JAKARTA, KOMPAS.com - Ketua Umum Ikatan Cendekiawan Muslim Indonesia yang juga anggota Dewan Perwakilan Daerah Jimly Asshiddiqie ingin DPD diperkuat tanpa mengambil kewenangan yang dimiliki oleh DPR.
Jimly mengatakan, DPD dapat diperkuat dengan cara memberikan peran bagi DPD dalam menyusun Garis-garis Besar Haluan Negara yang kini belum dipegang oleh DPR.
"Jadi jangan pekerjaan yang sudah ada di DPR tetapi cari pekerjaan baru yang belum ada yang ngerjakan, nah GBHN itulah yang belum ada yang kerjakan," kata Jimly dalam sebuah diskusi di kawasan Gondangdia, Kamis (24/10/2019).

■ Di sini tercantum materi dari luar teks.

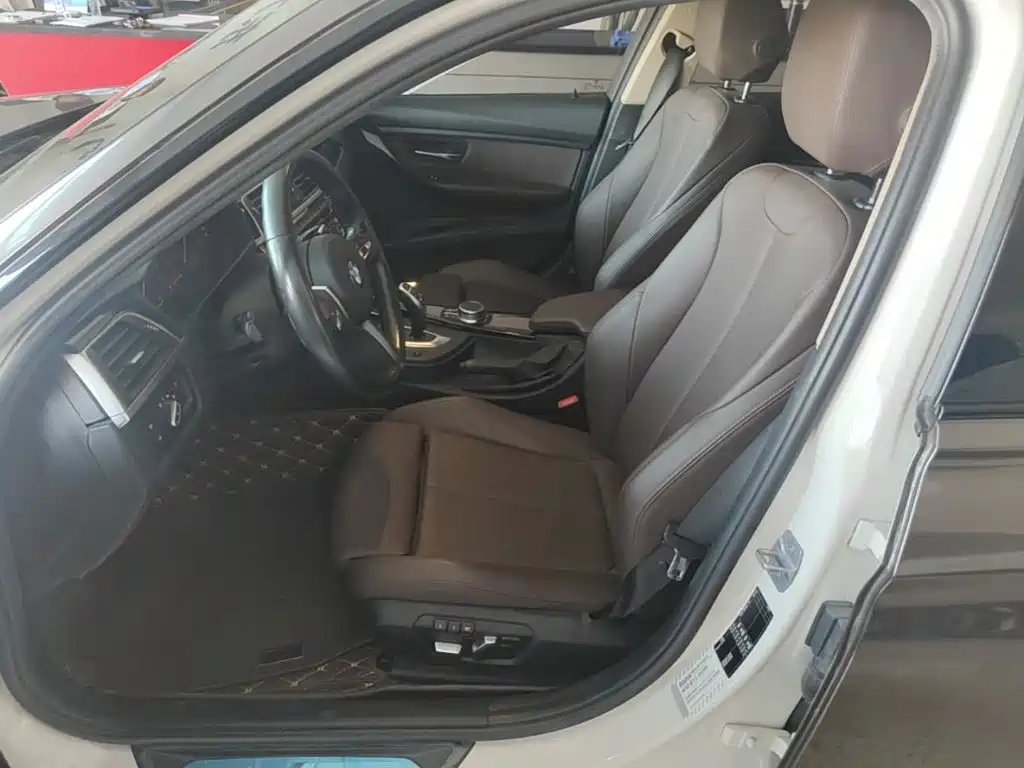 BMW 3 Series — миниатюра 15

Baca juga: Pimpinan MPR Temui Wapres, Bahas Pelantikan hingga Amendemen UUD 1945
Jimly pun mendukung wacana amendemen Undang-Undang Dasar 1945 untuk menghidupkan kembali GBHN dengan syarat DPD menjadi lembaga yang mengusulkan GBHN bersama presiden.
Ia mengusulkan, amendemen UUD 1945 itu menambah satu pasal, yaitu pasal 3A yang berisi dua ayat mengatur peran DPD dalam penyusunan GBHN.
"Ayat pertama bunyinya, MPR menetapkan Garis Besar Haluan Negara atas usul presiden dan DPD," kata Jimly.
Ayat berikutnya, kata Jimly, berbunyi, "Pelaksanaan Garis Besar Haluan Negara dalam APBN diawasi oleh DPD".
Menurut Jimly, ayat kedua itu akan membuat DPD berperan setiap tahun, tidak hanya dalam penyusunan GBHN yang menurutnya hanya 25 tahun sekali.
Jimly juga mengatakan, ayat tersebut juga memunculkan adanya pembagian tugas antara DPR dan DPD yaitu DPR mengurusi APBN sedangkan DPD mengawasi substansi program yang tercantum dalam APBN.
"Kalau ini disetujui, maka tidak akan ada rebutan kekuasaan antara DPR dan DPD," ujar Jimly yang juga mantan Ketua Mahkamah Konstitusi tersebut.
Diberitakan, Majelis Permusyawaratan Rakyat tengah mewacanakan amendemen UUD 1945 yang salah satunya adalah mengembalikan hak MPR untuk menyusun GBHN.
Baca juga: SBY dan Pimpinan MPR akan Bertemu Kembali, Bahas Amendemen UUD 1945
Ketua MPR Bambang Soesatyo menyatakan, haluan negara ini akan menjadi semacam pedoman pembangunan nasional dari sisi ekonomi selama 50 hingga 100 tahun ke depan.
"Terbatas maksudnya adalah lebih kepada perjalanan bangsa kita ke depan dari sisi ekonomi. Bagaimana kita bisa menciptakan ke depan ini suatu hal yang semacam cetak biru atau blue print Indonesia 50-100 tahun ke depan yang semua mengacu pada satu buku induk," ujar Bambang, Kamis (10/10).
Bambang mengatakan, dalam menjalankan suatu pemerintahan, visi dan misi seorang pemimpin seharusnya mengacu pada peta jalan atau road map pembangunan nasional.
Dengan demikian, pembangunan nasional dapat berjalan secara berkesinambungan meski presidennya berganti.